§ Working data:
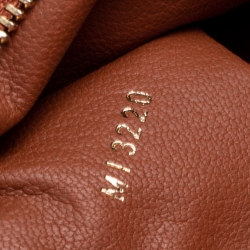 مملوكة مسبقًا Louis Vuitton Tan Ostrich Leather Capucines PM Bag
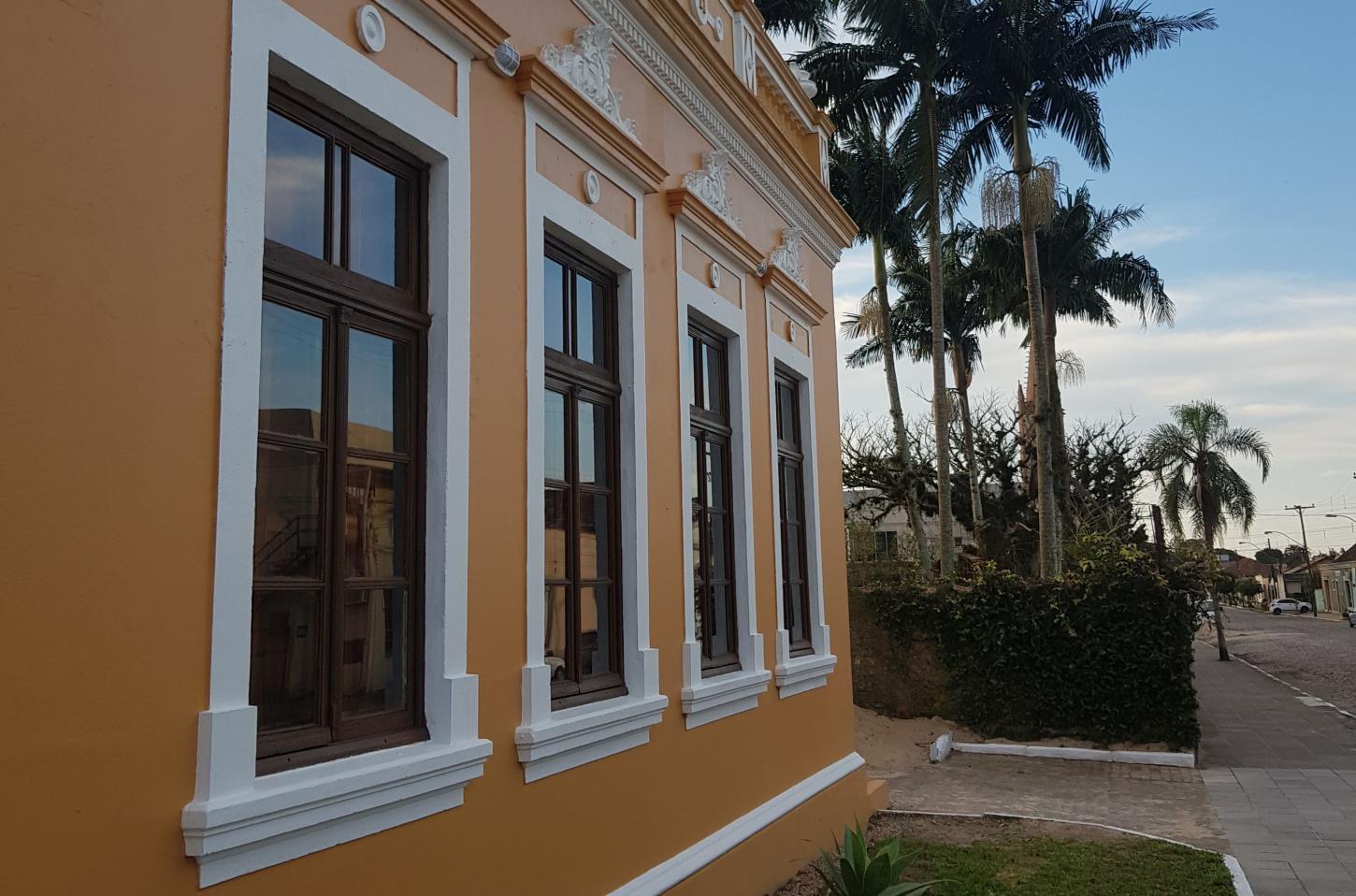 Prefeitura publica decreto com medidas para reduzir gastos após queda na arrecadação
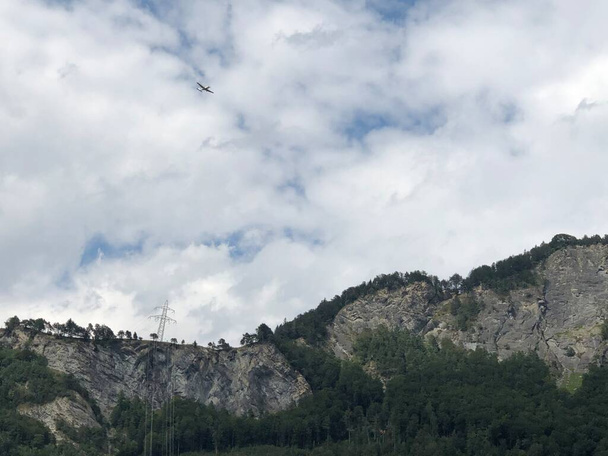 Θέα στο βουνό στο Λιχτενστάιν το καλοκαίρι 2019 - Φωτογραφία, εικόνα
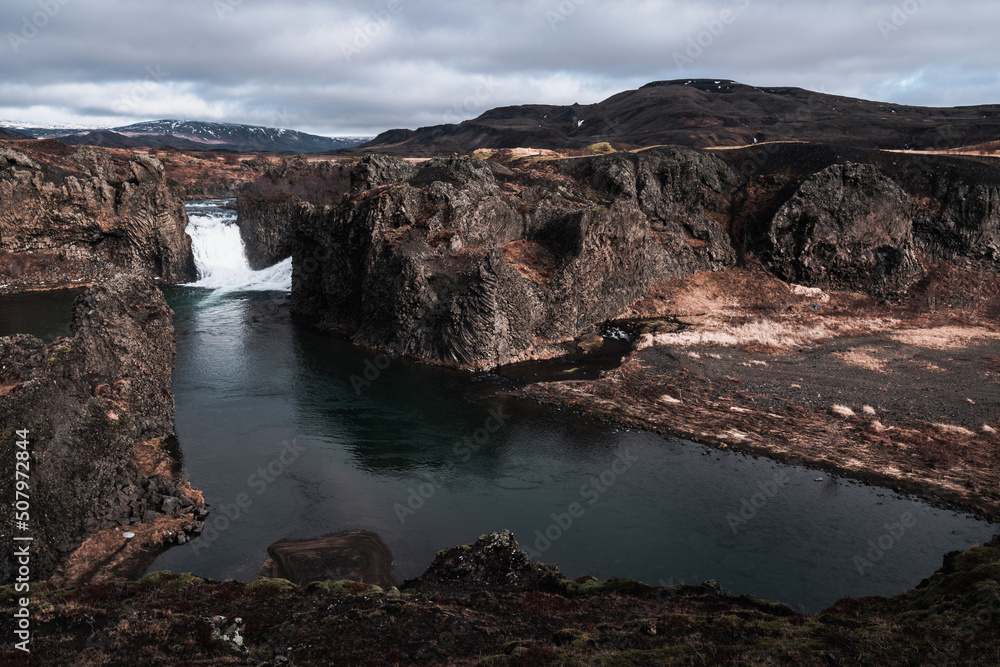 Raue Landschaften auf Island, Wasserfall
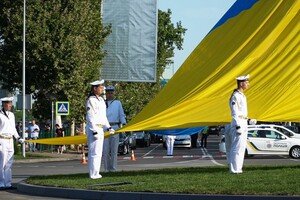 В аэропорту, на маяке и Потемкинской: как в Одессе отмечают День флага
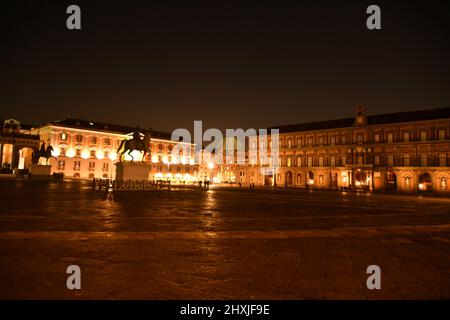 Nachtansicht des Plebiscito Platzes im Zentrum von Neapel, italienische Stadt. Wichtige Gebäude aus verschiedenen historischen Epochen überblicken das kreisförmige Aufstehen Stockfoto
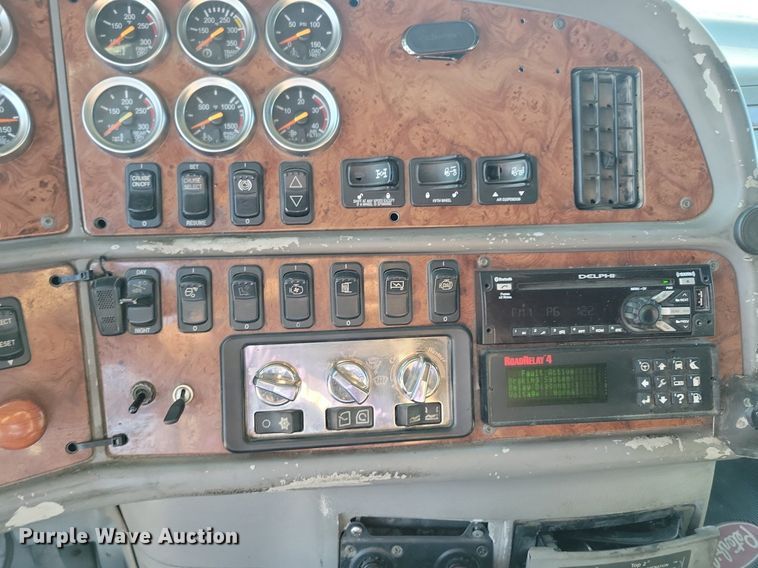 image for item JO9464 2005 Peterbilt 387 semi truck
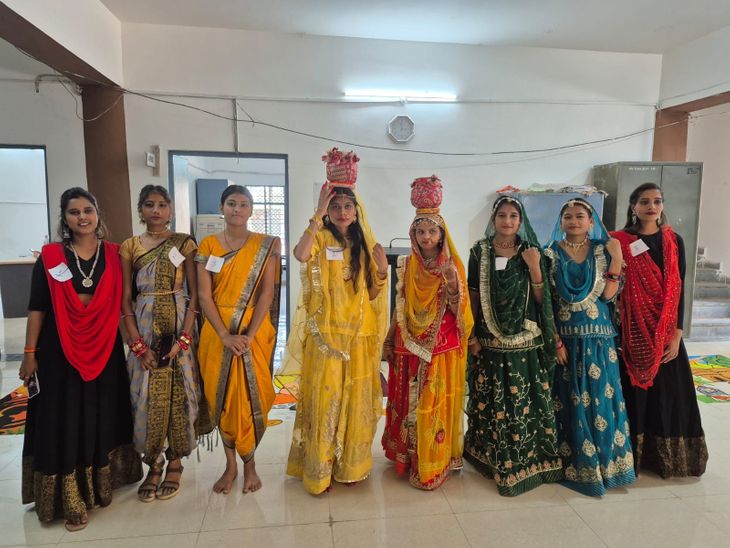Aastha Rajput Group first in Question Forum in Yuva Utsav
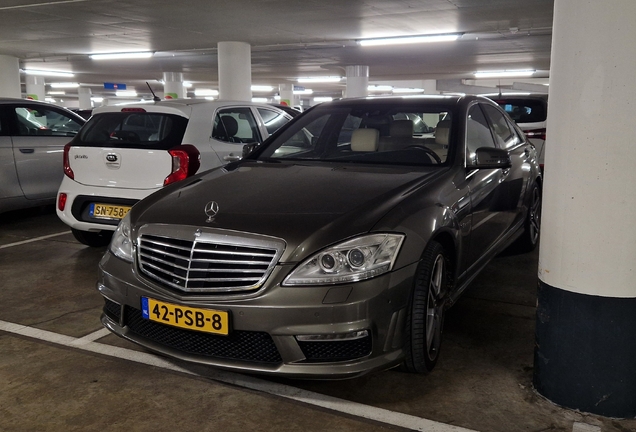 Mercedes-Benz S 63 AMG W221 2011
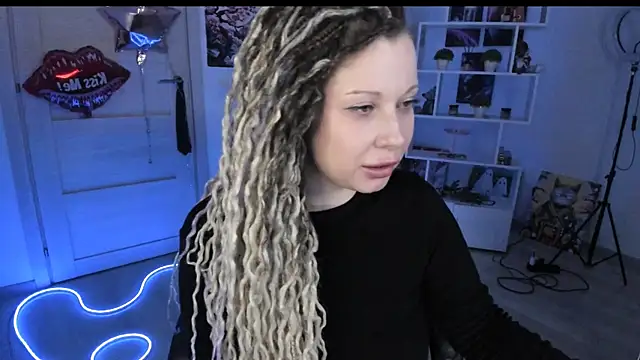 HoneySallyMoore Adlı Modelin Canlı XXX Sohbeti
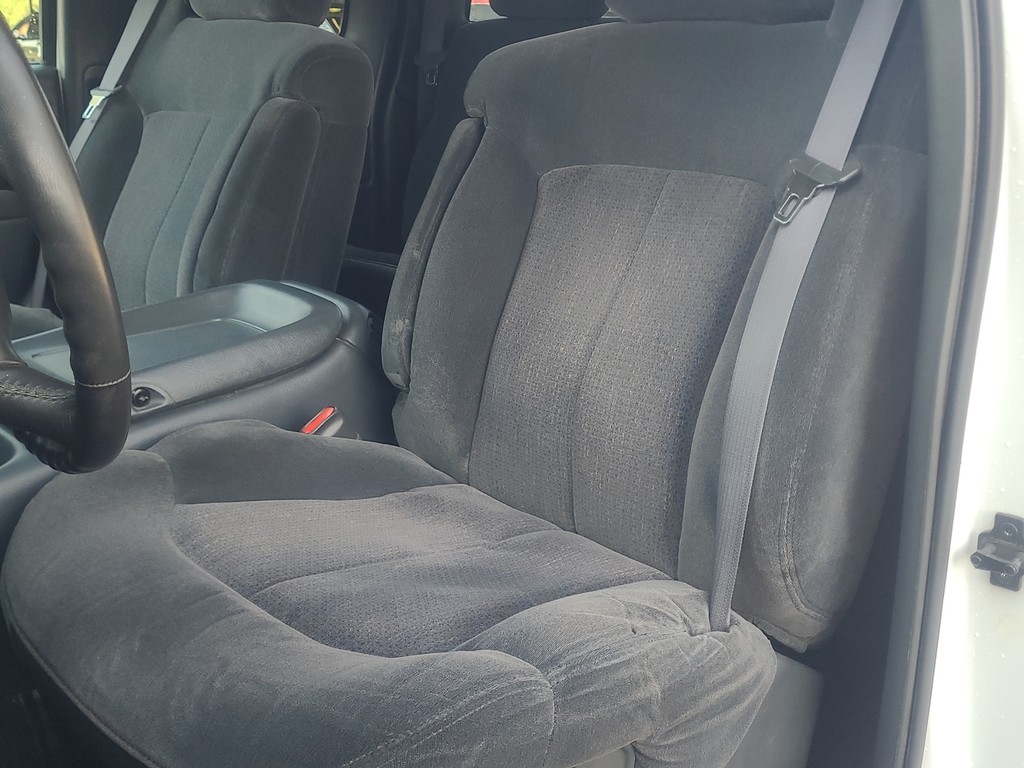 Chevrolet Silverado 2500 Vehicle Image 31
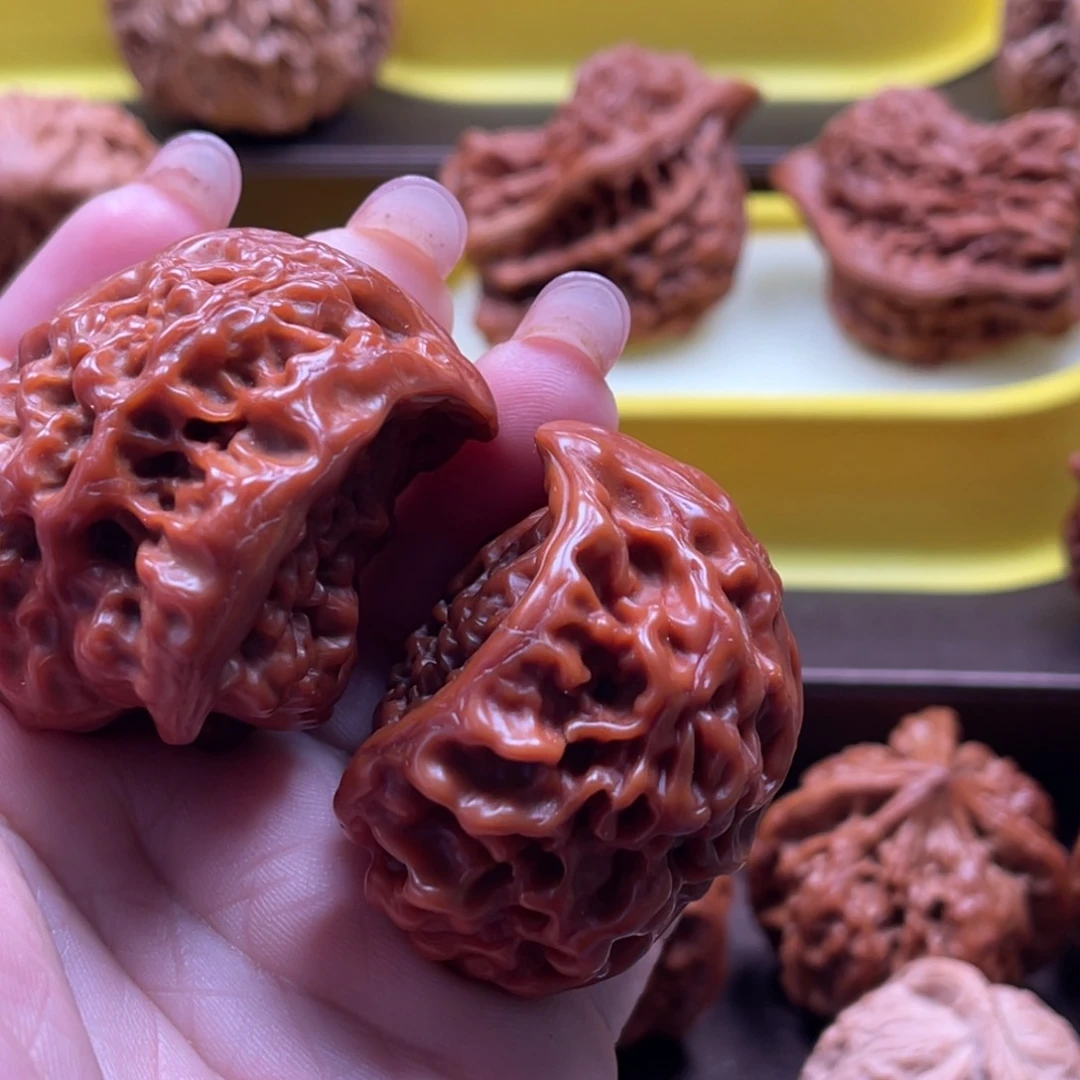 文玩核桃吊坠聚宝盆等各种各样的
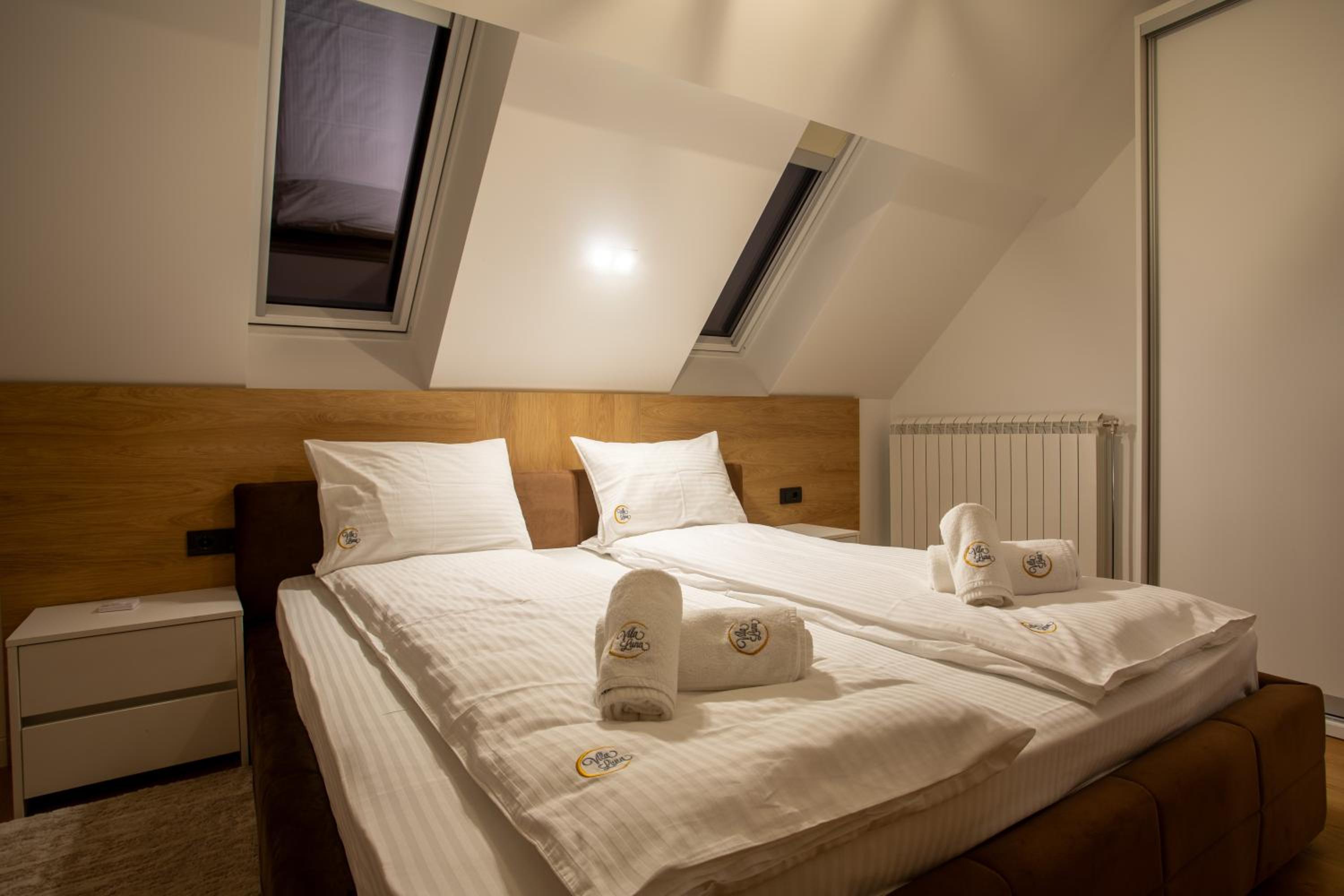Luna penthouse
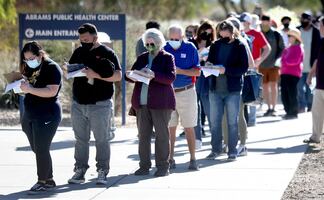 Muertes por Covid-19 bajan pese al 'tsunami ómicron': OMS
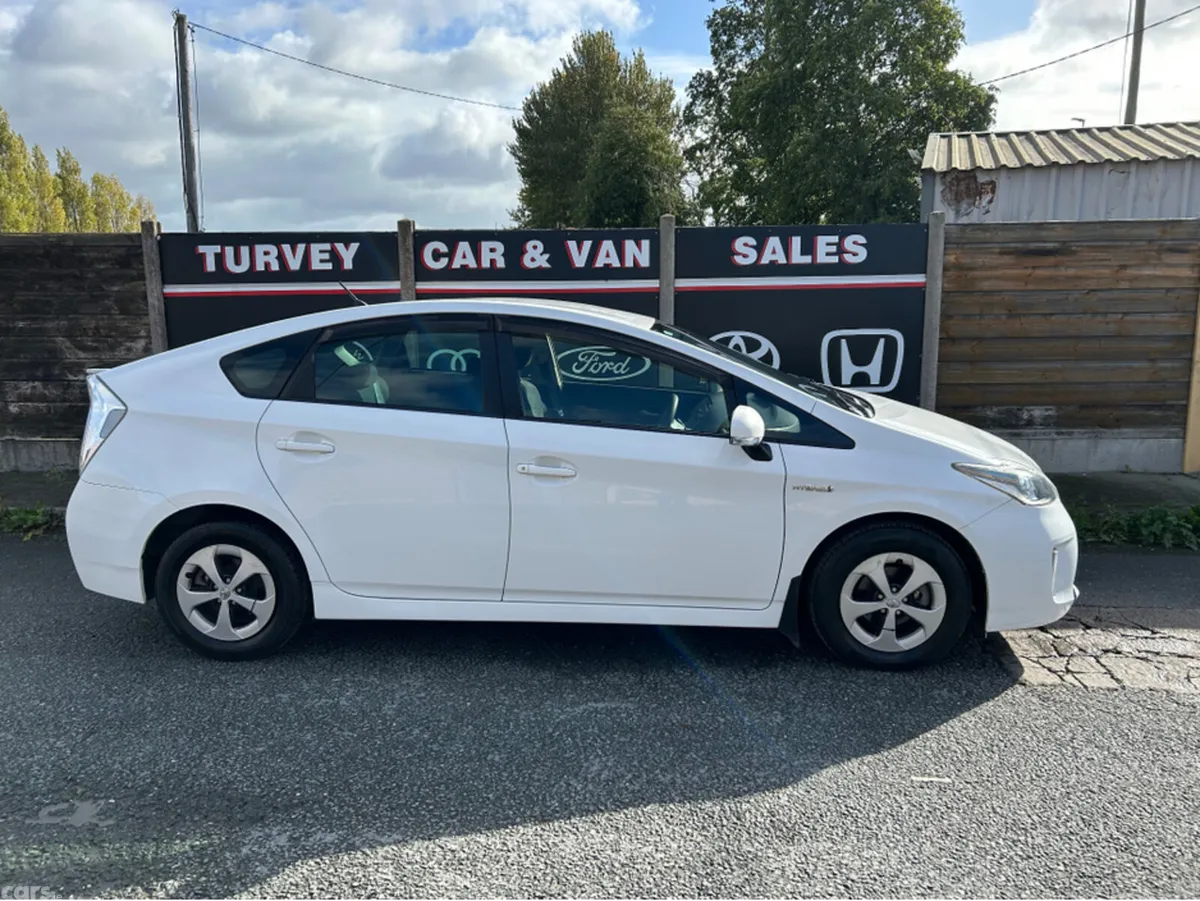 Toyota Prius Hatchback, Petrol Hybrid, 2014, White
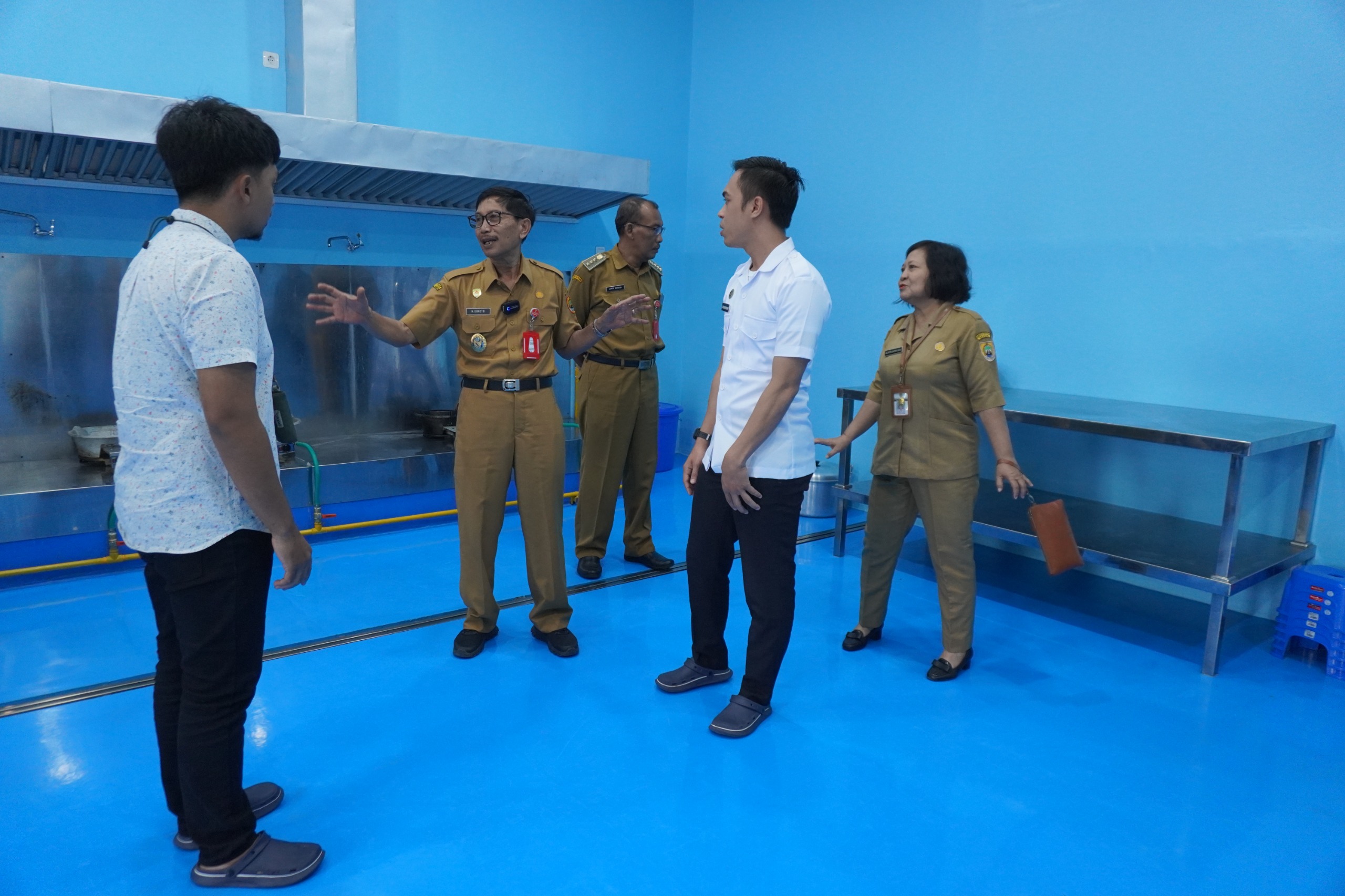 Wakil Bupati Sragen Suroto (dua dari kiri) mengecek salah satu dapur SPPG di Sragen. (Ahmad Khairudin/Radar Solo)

§ Exercise goal:
Please restate exactly the lines from the one containing "Raue Landschaften auf Island, Wasserfall" down to the end of the material, both ends kept, and do not include the pictures.

§ Expected answer:
 Raue Landschaften auf Island, Wasserfall
 В аэропорту, на маяке и Потемкинской: как в Одессе отмечают День флага
 Nachtansicht des Plebiscito Platzes im Zentrum von Neapel, italienische Stadt. Wichtige Gebäude aus verschiedenen historischen Epochen überblicken das kreisförmige Aufstehen Stockfoto
 image for item JO9464 2005 Peterbilt 387 semi truck
Aastha Rajput Group first in Question Forum in Yuva Utsav
 Mercedes-Benz S 63 AMG W221 2011
 HoneySallyMoore Adlı Modelin Canlı XXX Sohbeti
 Chevrolet Silverado 2500 Vehicle Image 31
 文玩核桃吊坠聚宝盆等各种各样的
Luna penthouse
 Muertes por Covid-19 bajan pese al 'tsunami ómicron': OMS
 Toyota Prius Hatchback, Petrol Hybrid, 2014, White
 Wakil Bupati Sragen Suroto (dua dari kiri) mengecek salah satu dapur SPPG di Sragen. (Ahmad Khairudin/Radar Solo)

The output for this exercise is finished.